- 著者
-
黒田 悦史
石井 健
- 出版者
- 日本毒性学会
- 雑誌
- 日本毒性学会学術年会 第44回日本毒性学会学術年会
- 巻号頁・発行日
- pp.EL2, 2017 (Released:2018-03-29)
アジュバントはワクチンに添加されている免疫増強剤であり、ワクチンの種類によってはなくてはならないものです。現在日本で認可されている主なアジュバントはアルミニウム塩(アラム)であり、安全性が高いアジュバントとして多くのワクチンに添加されています。しかしながら、アラムがどのような作用機序で免疫系を活性化するのかについては不明な点が多く残されています。またアラムのみならず、多くの粒子状物質(尿酸塩結晶やシリカなど)もアジュバントとして働くことが知られていますが、その作用機序も詳細には明らかにされておりません。
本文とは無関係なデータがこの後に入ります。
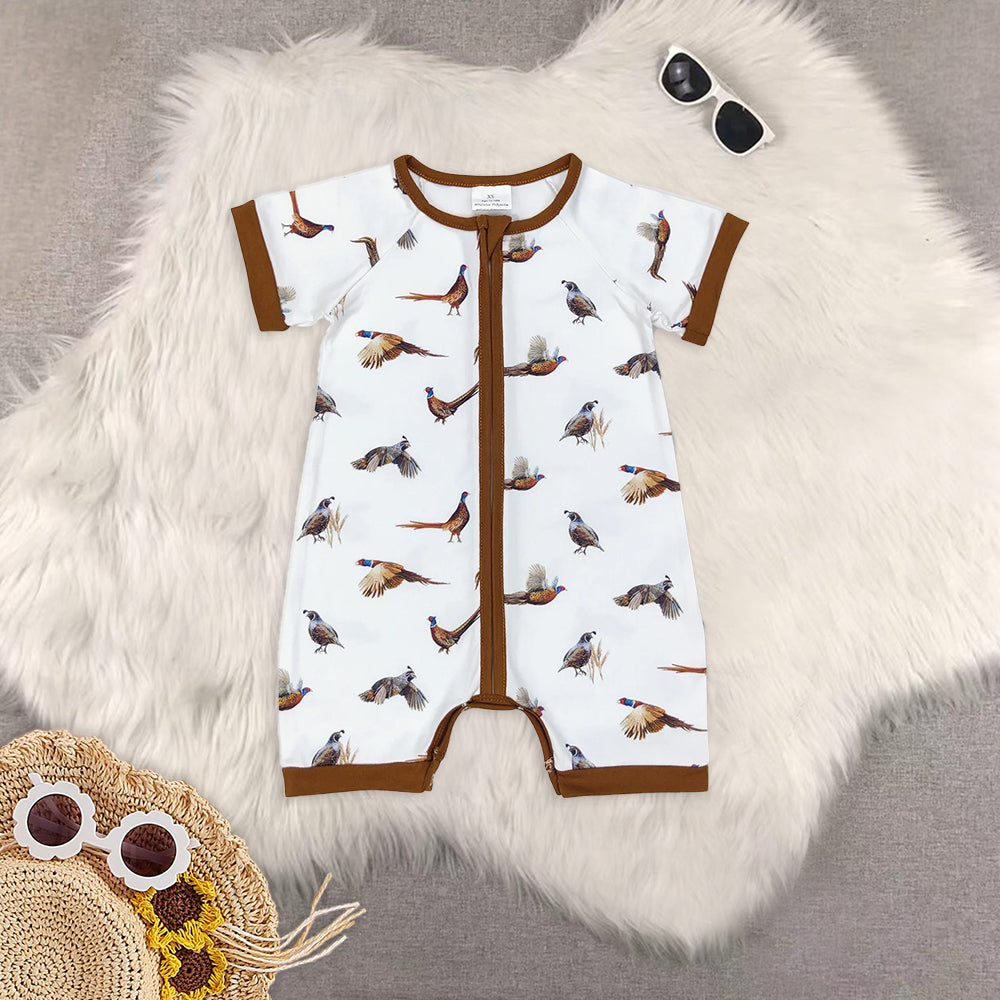 Baby Boys Shirt Shorts Summer duck Rompers Outfits Clothes Sets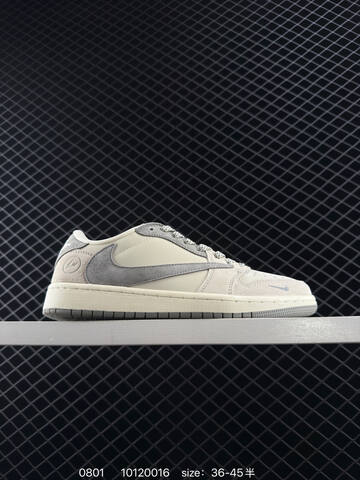 Jordan Air Jordan 1 Low Travis Scott Reverse Mocha Brown Beige Cream Multicolor EU 36-45 Sneaker - Unisex (BS-80986)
さらに最近話題になっているPM2.5などの大気中の微細粒子もアジュバント作用を介してアレルギー性炎症などを誘導していると考えられています。 近年の免疫学の発展により、T細胞やB細胞を主体とする獲得免疫の誘導には、マクロファージや樹状細胞を主体とする自然免疫の活性化が必須であることが明らかにされています。そのためアラムを含めた粒子状物質の多くが何らかの形で自然免疫を活性化すると考えられています。最近になり、アジュバント活性を有する粒子状物質の多くが免疫細胞の細胞死を誘導し、そこから遊離される死細胞由来因子(内因性デンジャーシグナル)が自然免疫の活性化に重要であることが報告されてきています。 このように、ある種のアジュバントはそれ自身がアジュバントとして機能するのではなく、細胞死を介して内因性のアジュバント(内因性デンジャーシグナル)を誘導する「アジュバント誘導物質」として働くと考えられます。このような観点から毒性研究は医薬品の副作用の研究だけでなく、新規アジュバントの探索/開発という点においても重要であると言えます。本教育講演では、アジュバントによる細胞死やデンジャーシグナルを介した免疫活性化のメカニズムについて私たちの研究成果を含めながら紹介したいと思います。